Ia menambahkan, embung-embung di wilayah seperti Jerowaru sangat rentan mengalami pendangkalan setiap 5 hingga 6 tahun karena tumpukan lumpur yang terbawa air hujan melalui saluran inlet. Oleh karena itu, pengerukan kembali menjadi langkah krusial agar kapasitas tampung air tetap maksimal.
Selain embung, Dinas Pertanian juga mengawal sejumlah proyek infrastruktur dan bantuan sarana produksi lainnya, antara lain Irigasi di 11 titik jaringan yang tersebar di beberapa wilayah, Jalan Usaha Tani dengan embangunan akses jalan untuk memudahkan mobilisasi hasil panen, Mekanisasi berupa bantuan alat mesin pertanian seperti hand tractor, dan Sarana Produksi berupa penyaluran pupuk, mulsa, serta bibit hortikultura seperti alpukat, durian, dan kelengkeng untuk diversifikasi pertanian.
Terkait progres fisik, beberapa titik bahkan sudah ada yang mencapai tahap Provisional Hand Over (PHO) atau serah terima pekerjaan. Namun, untuk beberapa lokasi rehabilitasi, petugas masih memantau kondisi lapangan.

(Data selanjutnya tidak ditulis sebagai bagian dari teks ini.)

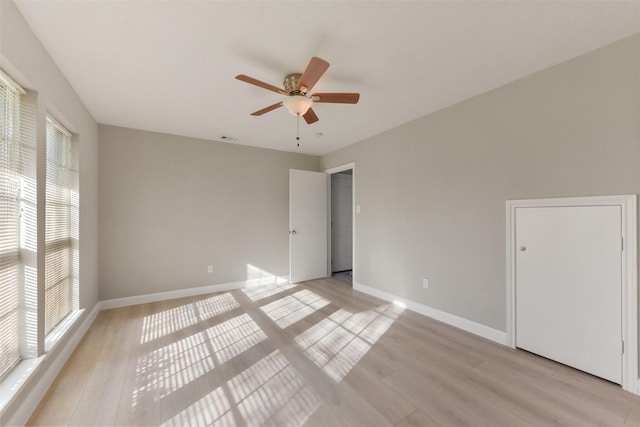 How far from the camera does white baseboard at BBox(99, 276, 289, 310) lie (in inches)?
132

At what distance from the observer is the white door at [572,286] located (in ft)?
6.07

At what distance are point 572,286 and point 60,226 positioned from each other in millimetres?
4405

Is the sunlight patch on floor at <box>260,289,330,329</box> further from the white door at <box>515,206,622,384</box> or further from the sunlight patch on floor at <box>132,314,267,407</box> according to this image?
the white door at <box>515,206,622,384</box>

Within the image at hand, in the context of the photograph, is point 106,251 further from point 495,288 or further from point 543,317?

"Saat ini masih musim panen dan beberapa embung belum kering total, jadi kita tunggu momentum yang pas untuk pengerukan. Targetnya, semua pekerjaan fisik harus tuntas sebelum musim hujan tiba agar saat hujan turun, embung sudah siap menampung air secara maksimal," tegasnya.
Program Pokir ini diharapkan menjadi jawaban atas aspirasi masyarakat yang difasilitasi oleh anggota legislatif, terutama dalam mengatasi kendala air yang selama ini menjadi momok bagi petani di Lombok Timur bagian selatan saat memasuki musim tanam tembakau maupun palawija.